Suivre les règles de base de la Charte des Nations Unies, c'est faire montre de révérence envers la sagesse humaine, et les faire appliquer est également une pierre angulaire de l'édifice des Nations Unies. Dès le printemps 2003, lors des tentatives américaines pour convaincre le Conseil de Sécurité d'autoriser des frappes militaires contre l'Irak, Kofi Annan, alors Secrétaire Général de l'institution, avait prononcé ces mots : « Je sais que certaines personnes, sur la colline du Capitole à Washington, ont un point de vue différent sur la façon de traiter le problème de l'Irak, mais ce n'est pas une chose dont je dois me préoccuper. L'Organisation des Nations Unies ne saurait donner le droit à un autre pays de changer un président d'un pays. Au sein de notre organisation, cette façon de faire n'est pas légitime ».

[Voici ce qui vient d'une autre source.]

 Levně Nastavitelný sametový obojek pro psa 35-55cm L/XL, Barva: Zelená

L'ex-secrétaire d'État Henry Kissinger, qui a une nouvelle fois écrit dans le Washington Post en juin de cette année a rappelé le Traité de Westphalie signé par les pays européens en 1648, dont les dispositions interdisent de s'immiscer dans les affaires intérieures des autres pays. C'est là une loi d'airain à laquelle le monde doit adhérer, sinon il risque de plonger tôt ou tard dans l'enfer.

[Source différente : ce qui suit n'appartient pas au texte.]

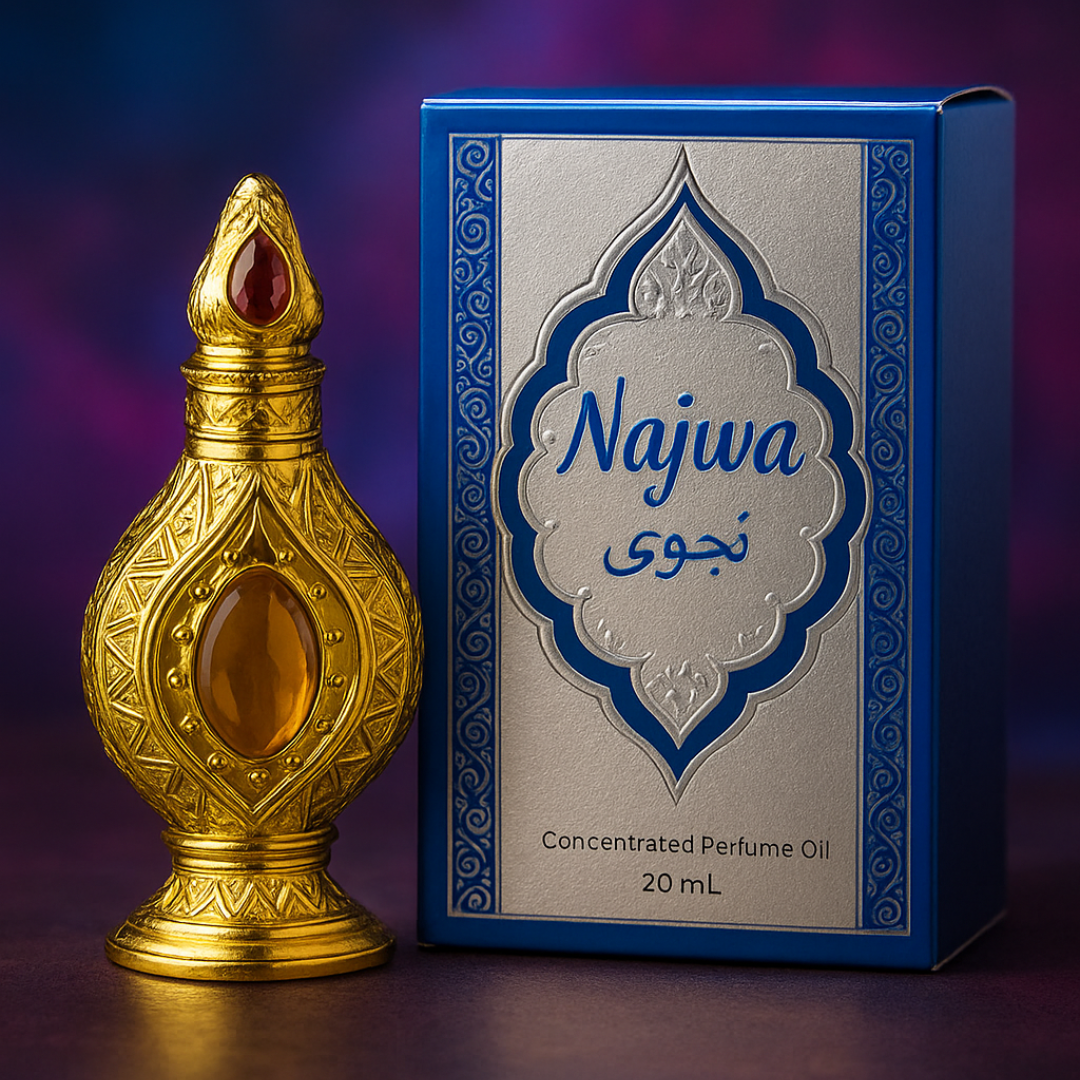 Gold perfume bottle and blue and silver box labeled 'Najwa' on a dark background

Aucun traité international ne donne le droit à un chef d'Etat étranger de forcer des dirigeants d'autres pays à démissionner, ou à leur faire prendre le pouvoir. C'est cette façon de faire pour traiter les affaires du monde qui est la pierre angulaire de l'édifice des Nations Unies, et pas les ingérences extérieures et la guerre pour obtenir un changement de régime.

Respecter le principe de promotion d'un règlement politique en Syrie, afin de promouvoir la stabilité de la situation au Moyen-Orient, est la position de base de la Chine. Cela témoigne de l'attention portée aux intérêts fondamentaux du peuple syrien, et reflète également le degré élevé de responsabilité de la Chine, en tant que membre permanent du Conseil de sécurité, en faveur de la paix mondiale.

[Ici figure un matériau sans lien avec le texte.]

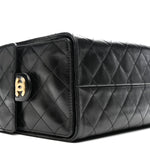 Shiny Crumpled Calfskin Quilted Small Chanel 25 Handbag Black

Et c'est un euphémisme, n'est pas un politique sérieux ; par essence, le poids de la catastrophe humanitaire en Syrie porte en lui les germes du soi-disant « modèle d'intervention futur » .

Une intervention extérieure destinée à obtenir un changement de régime, et l'utilisation de la force pour empêcher une catastrophe humanitaire, cela témoigne à première vue d'un sens de la justice et de la responsabilité d'agir.